* What to do *
Pictures stay out; everything else in the records below gets copied exactly.

* Input data *
______

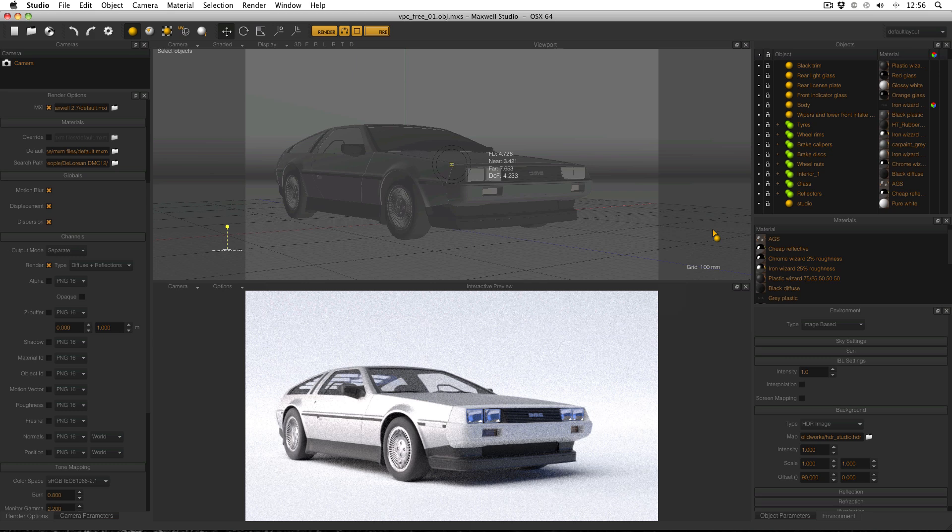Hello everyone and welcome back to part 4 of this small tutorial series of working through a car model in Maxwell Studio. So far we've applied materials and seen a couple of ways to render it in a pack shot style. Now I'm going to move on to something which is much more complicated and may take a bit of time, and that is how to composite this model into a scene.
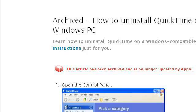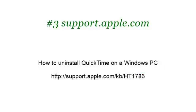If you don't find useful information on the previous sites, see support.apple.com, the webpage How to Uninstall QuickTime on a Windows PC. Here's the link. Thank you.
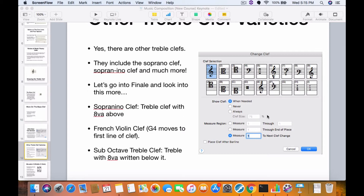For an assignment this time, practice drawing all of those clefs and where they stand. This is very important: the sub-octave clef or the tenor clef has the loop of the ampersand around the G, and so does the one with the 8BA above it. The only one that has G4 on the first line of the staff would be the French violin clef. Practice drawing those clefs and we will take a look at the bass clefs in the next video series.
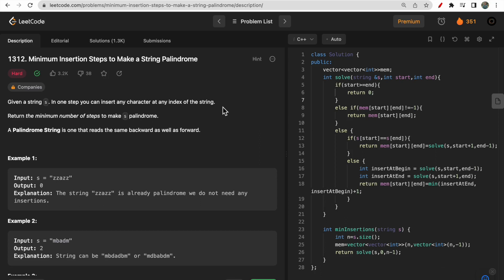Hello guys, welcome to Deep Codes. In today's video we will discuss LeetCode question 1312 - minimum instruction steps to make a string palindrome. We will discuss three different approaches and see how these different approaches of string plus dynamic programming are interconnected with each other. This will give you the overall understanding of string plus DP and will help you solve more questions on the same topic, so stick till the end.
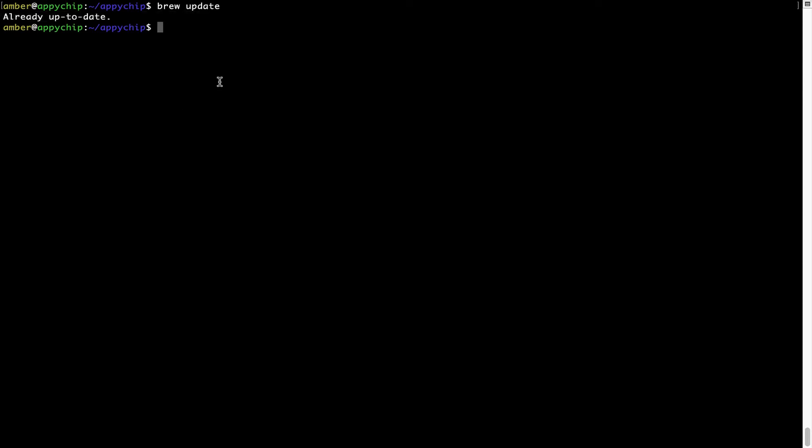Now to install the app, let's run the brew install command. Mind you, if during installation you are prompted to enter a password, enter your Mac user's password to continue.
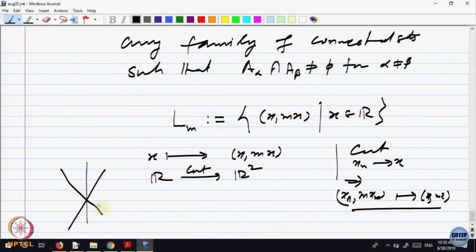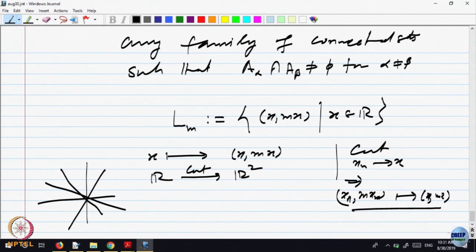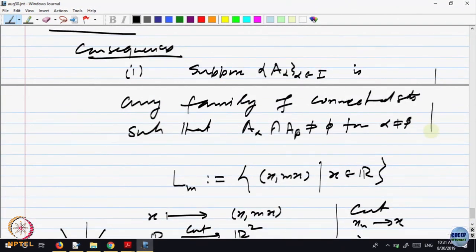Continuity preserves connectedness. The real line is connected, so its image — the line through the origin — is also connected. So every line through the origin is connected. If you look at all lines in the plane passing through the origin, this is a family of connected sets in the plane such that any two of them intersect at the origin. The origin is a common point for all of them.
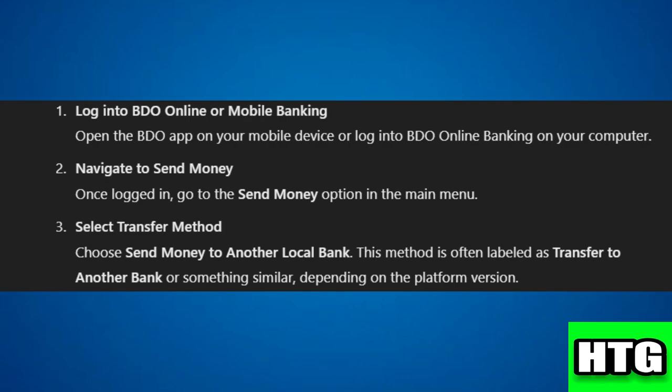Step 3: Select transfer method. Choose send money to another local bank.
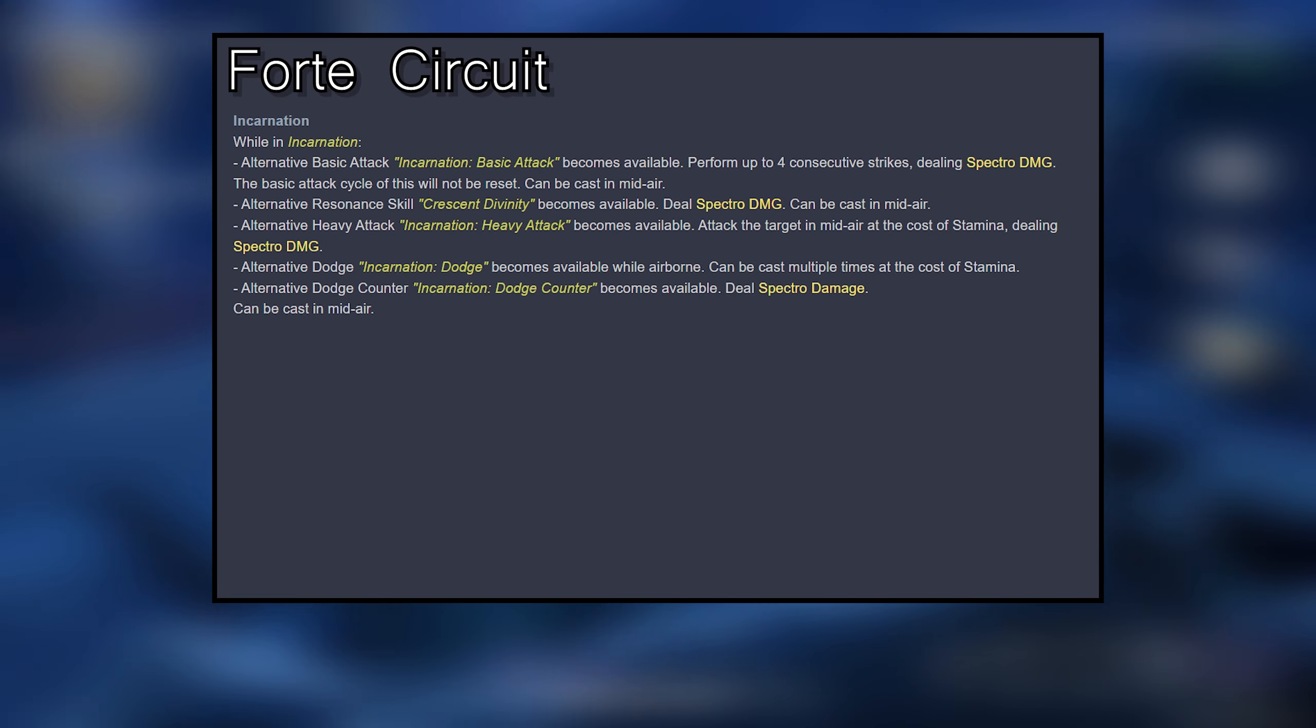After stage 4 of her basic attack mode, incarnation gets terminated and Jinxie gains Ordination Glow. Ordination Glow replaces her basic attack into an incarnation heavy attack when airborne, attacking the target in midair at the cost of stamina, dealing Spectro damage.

______

* Response *
Hello everyone and welcome back to part 4 of this small tutorial series of working through a car model in Maxwell Studio. So far we've applied materials and seen a couple of ways to render it in a pack shot style. Now I'm going to move on to something which is much more complicated and may take a bit of time, and that is how to composite this model into a scene.
If you don't find useful information on the previous sites, see support.apple.com, the webpage How to Uninstall QuickTime on a Windows PC. Here's the link. Thank you.
For an assignment this time, practice drawing all of those clefs and where they stand. This is very important: the sub-octave clef or the tenor clef has the loop of the ampersand around the G, and so does the one with the 8BA above it. The only one that has G4 on the first line of the staff would be the French violin clef. Practice drawing those clefs and we will take a look at the bass clefs in the next video series.
Hello guys, welcome to Deep Codes. In today's video we will discuss LeetCode question 1312 - minimum instruction steps to make a string palindrome. We will discuss three different approaches and see how these different approaches of string plus dynamic programming are interconnected with each other. This will give you the overall understanding of string plus DP and will help you solve more questions on the same topic, so stick till the end.
Now to install the app, let's run the brew install command. Mind you, if during installation you are prompted to enter a password, enter your Mac user's password to continue.
Continuity preserves connectedness. The real line is connected, so its image — the line through the origin — is also connected. So every line through the origin is connected. If you look at all lines in the plane passing through the origin, this is a family of connected sets in the plane such that any two of them intersect at the origin. The origin is a common point for all of them.
Step 3: Select transfer method. Choose send money to another local bank.
After stage 4 of her basic attack mode, incarnation gets terminated and Jinxie gains Ordination Glow. Ordination Glow replaces her basic attack into an incarnation heavy attack when airborne, attacking the target in midair at the cost of stamina, dealing Spectro damage.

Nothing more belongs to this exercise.